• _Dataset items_

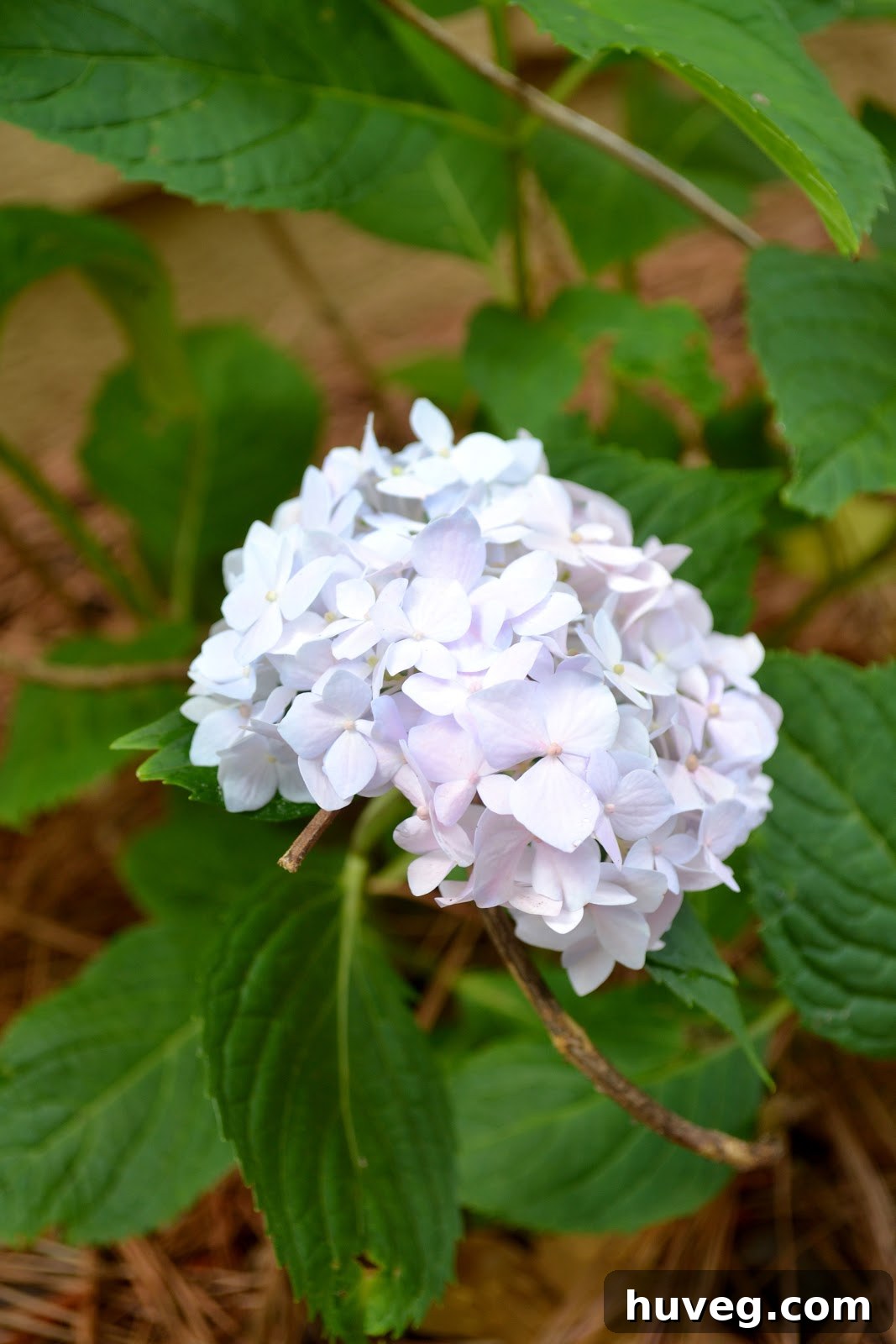 Beautiful Lilac Hydrangea Bloom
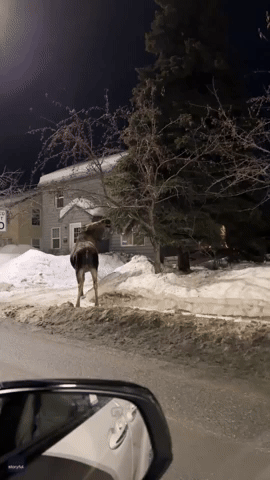Moose Munches on Tree Outside Anchorage Home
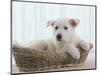 German Shepherd Pup Resting in a Wicker Basket-Jim Craigmyle-Mounted Photographic Print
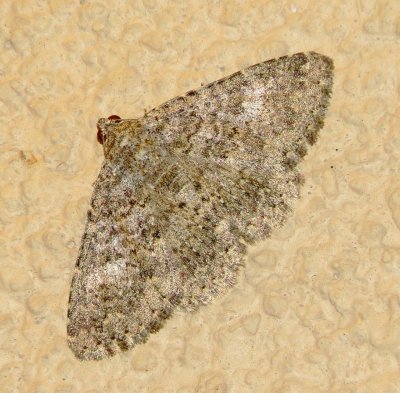 Unidentified Moth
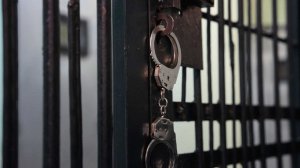 Главу Токсовского горпоселения Ленобласти задержали по делу о взятках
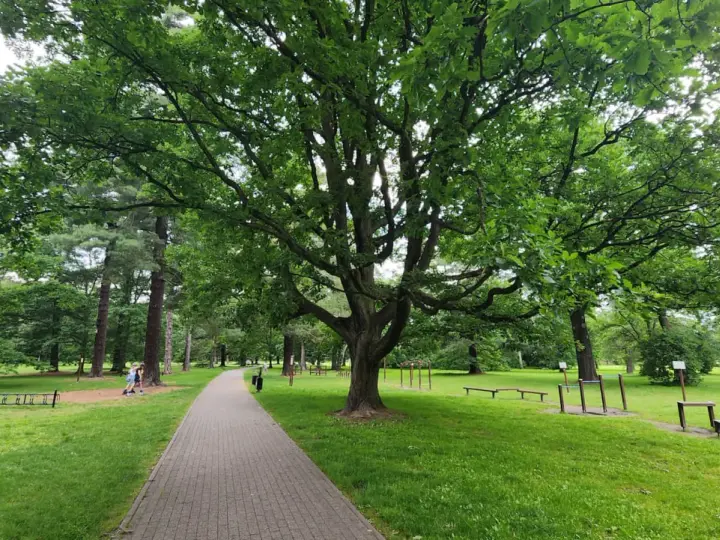 Świerklaniec park: aleja wśród zieleni, pod rozłożystym dębem, z siłownią plenerową i ławkami.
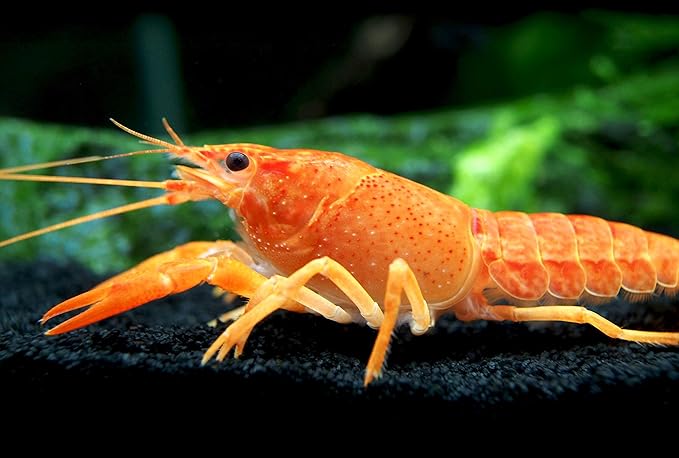 Aquatic Arts Neon Red Crayfish (Male / Female Pair) | Live Freshwater Aquarium Lobster / Crawfish / Crawdad / Real Living Fish Tank Pet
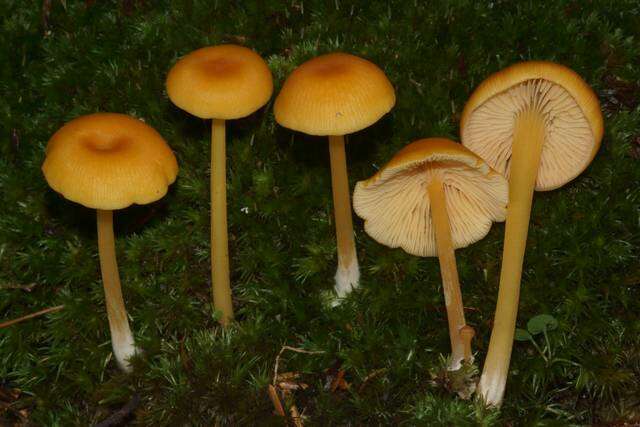 Image of Entoloma unicolor (Peck) Hesler 1967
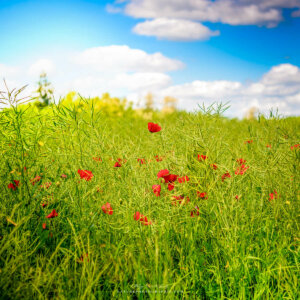 Discreet Poppies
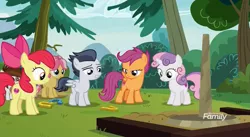 Size: 1177x647 | Tagged: safe, derpibooru import, screencap, apple bloom, kettle corn, pipsqueak, rumble, scootaloo, skeedaddle, sweetie belle, earth pony, pegasus, pony, unicorn, marks and recreation, colt, cutie mark, cutie mark crusaders, cutie mark day camp, discovery family logo, female, filly, horseshoes, looking down, male, the cmc's cutie marks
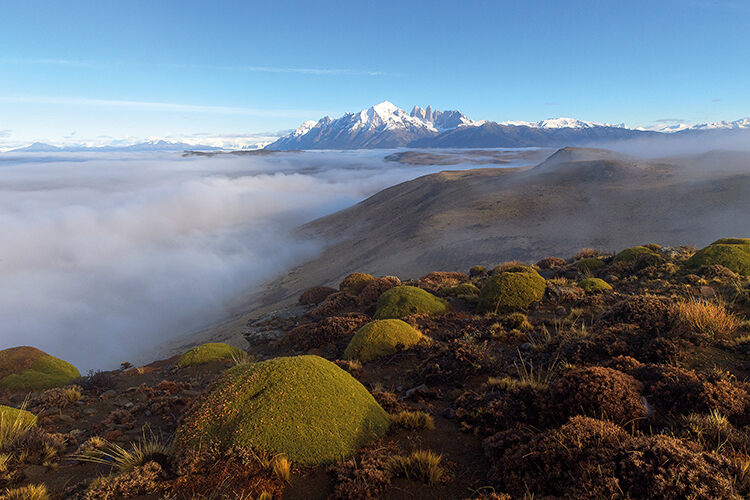 A view of Torres del Paine from the summit of the Condoreras ridge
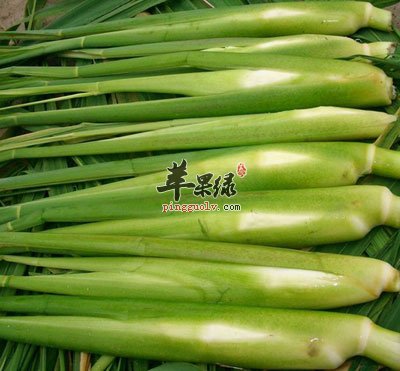 没剥皮的茭白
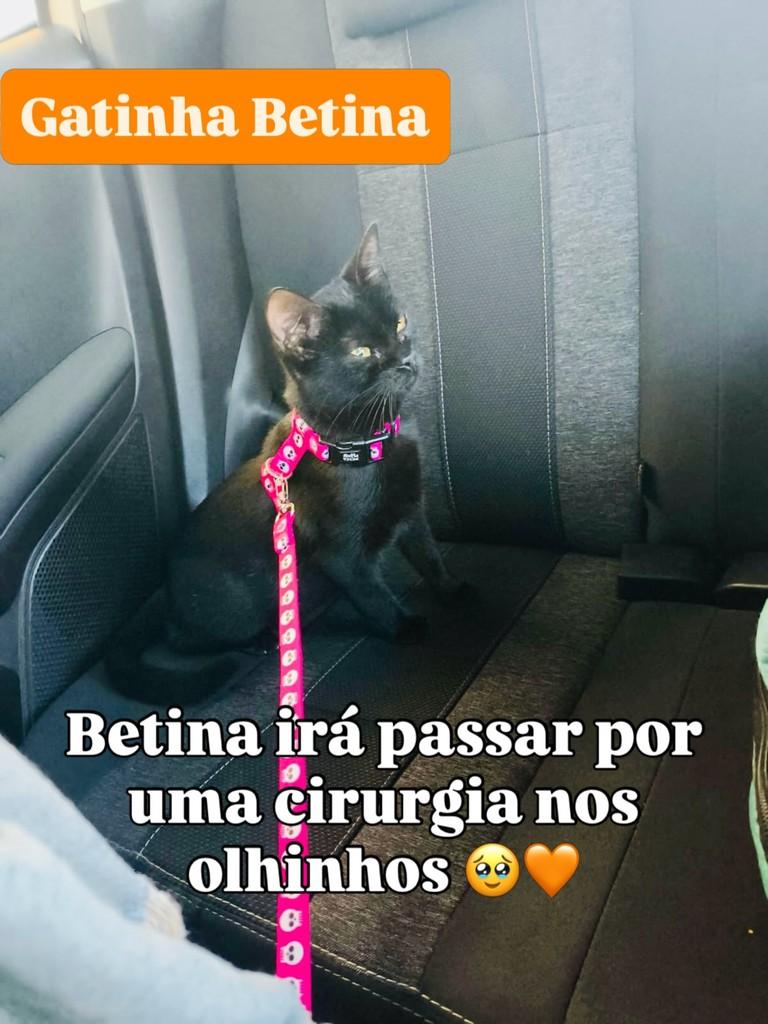 Betina, gata para adoção em Sorocaba - SP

• _Task description_
Both boundary lines included, write out word for word only the lines above from the one containing "Главу Токсовского горпоселения" to the one containing "Size: 1177x647 |", leaving out any pictures.

• _Exercise output_
 Главу Токсовского горпоселения Ленобласти задержали по делу о взятках
 Świerklaniec park: aleja wśród zieleni, pod rozłożystym dębem, z siłownią plenerową i ławkami.
 Aquatic Arts Neon Red Crayfish (Male / Female Pair) | Live Freshwater Aquarium Lobster / Crawfish / Crawdad / Real Living Fish Tank Pet
 Image of Entoloma unicolor (Peck) Hesler 1967
 Discreet Poppies
 Size: 1177x647 | Tagged: safe, derpibooru import, screencap, apple bloom, kettle corn, pipsqueak, rumble, scootaloo, skeedaddle, sweetie belle, earth pony, pegasus, pony, unicorn, marks and recreation, colt, cutie mark, cutie mark crusaders, cutie mark day camp, discovery family logo, female, filly, horseshoes, looking down, male, the cmc's cutie marks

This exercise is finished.